Tuesday, September 9, 2014
9:30 a.m.:

United States v. Ruben Vargas  No. 14-6009/MC
(Appellee) (Appellant)

Counsel for Appellant:  LtCol Richard A. Viczorek, USMCR
——————————– (supplement)
—————————————– (reply)
Counsel for Appellee:  Maj David N. Roberts, USMC (answer)

Case Summary: Special court-martial prosecution for assault consummated by a battery. Granted issue questions whether the Navy-Marine Corps Court of Criminal Appeals erroneously interpreted Article 62, UCMJ, to allow a Government appeal of the military judge’s denial of a continuance request as well as the military judge’s order resting the Government’s case.

NOTE: Counsel for each side will be allotted 20 minutes to present oral argument.

I discussed the NMCCA’s decision in Vargas in a March post titled: The NMCCA finds that Article 62 authorizes appeals of recesses.

The online version of CAAF’s daily journal is usually a full day behind (i.e., today’s update posted yesterday’s activity), so while I normally post the daily journal entry for CAAF grants, we won’t have that until tomorrow at the earliest.

In what looks like one hot mess of a case, the NMCCA finds that Article 62 authorizes a Government appeal of “the military judge’s decision to deny the Government’s request for an overnight recess and then sua sponte resting the Government’s case over its objection.” United States v. Vargas, No. 201300426 (N-M.Ct.Crim.App. Feb. 28, 2014) (link to unpub. op.).

The appellee is a Marine Staff Sergeant and the case is a special court-martial with members for a single specification of assault consummated by a battery. Trial began on October 22, 2013, and was docketed for three days. The Government planned to call seven witnesses; four on the first day and three on the second day. But “[o]n day one of the appellee’s trial, empanelment of the members was completed by noon and the testimony of the Government’s first four witnesses concluded at approximately 1400.” Slip op. at 2. The other three witnesses weren’t available yet, and so the Government requested a recess until the next morning.

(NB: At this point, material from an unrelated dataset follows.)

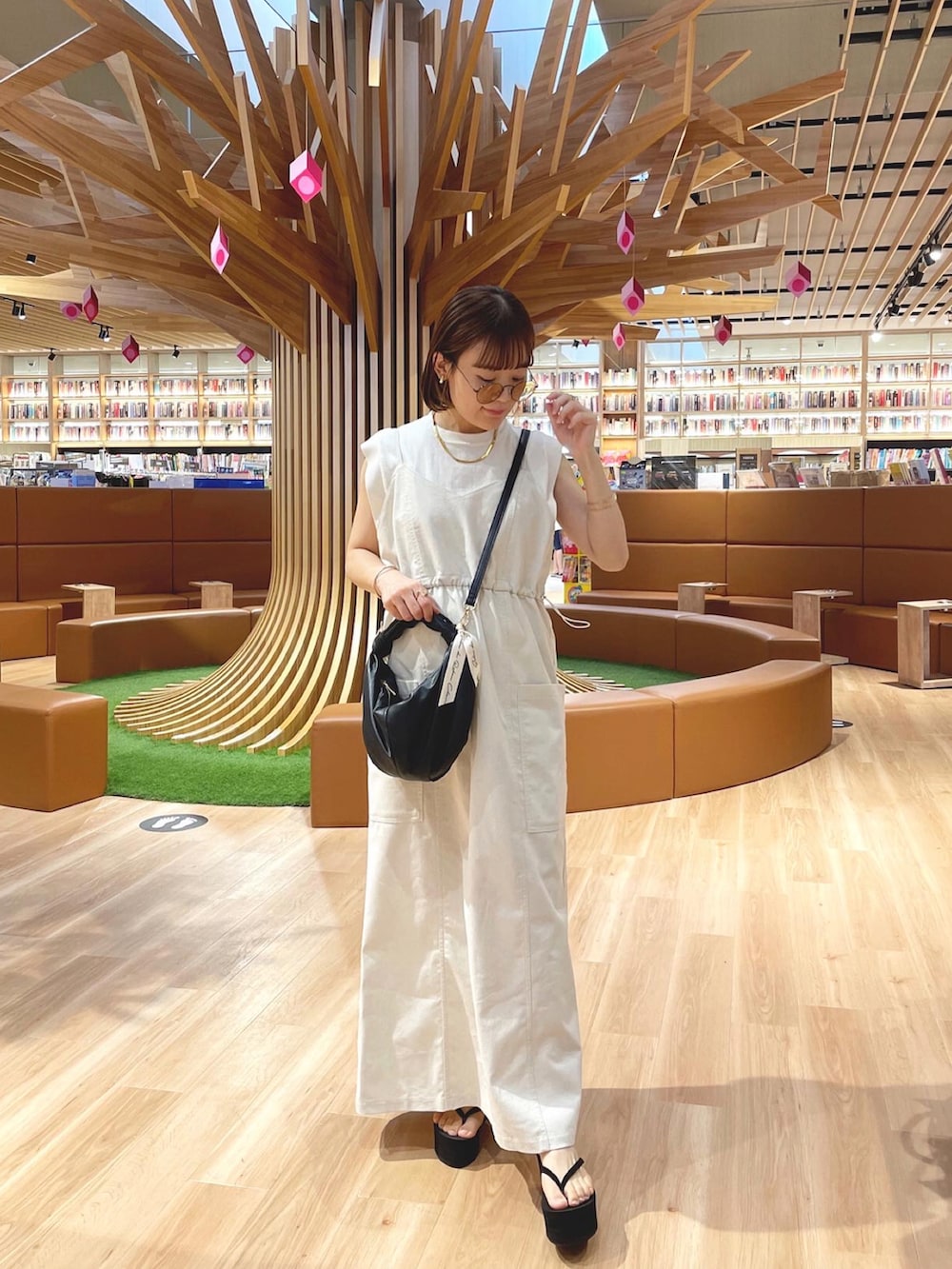 ベージュ系のワンピース/ドレス、ホワイト系のニット/セーター、ブラック系のハンドバッグを着用したレディースの夏コーディネートの5枚目の写真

The Defense opposed the request, and the military judge denied the request. Then the follow exchange took place:

MJ: So your motion is denied. Do you have anything  else?

TC: Yes, ma’am. Given that ruling by the military judge, at this time, the government intends to offer – to exercise its right to an interlocutory appeal under Article 62 of the Uniform Code of Military Justice. The government intends to provide 72-hour written notice to the military judge upon recess from this court.

MJ: You may do so. But, I am not obliged to continue the case while you do that, and I am declining to exercise that continuance so that you may do that. You may do it simultaneously with this case, but we are going to proceed.

Slip op. at 3. Notably, R.C.M. 908(b)(1) states: “After an order or ruling which may be subject to an appeal by the United States, the court-martial may not proceed, except as to matters unaffected by the ruling or order, if the trial counsel requests a delay to determine whether to file notice of appeal under this rule” (emphasis added). More on this in a moment.

The members were recalled and the military judge rested the Government’s case. The Defense immediately also rested, and then the Defense moved for a finding of not guilty under R.C.M. 917 based on the inadequacy of the case presented by the Government up to that point (though one would think four witnesses would be enough to prove a battery…). But the judge denied the Defense motion.

The judge then acknowledged the requirement of R.C.M. 908 and recessed the case for the Government appeal. But the Government didn’t appeal. Rather, it moved for reconsideration. The next morning (presumably with the three witnesses available and ready to testify) “the military judge made findings of fact and reaffirmed her earlier decision denying the Government’s request to recess the trial.” Slip op. at 5. That would be the recess that would have run from the afternoon before to that very morning (had it been granted, of course). Then the Government appealed. And now the CCA grants the Government appeal.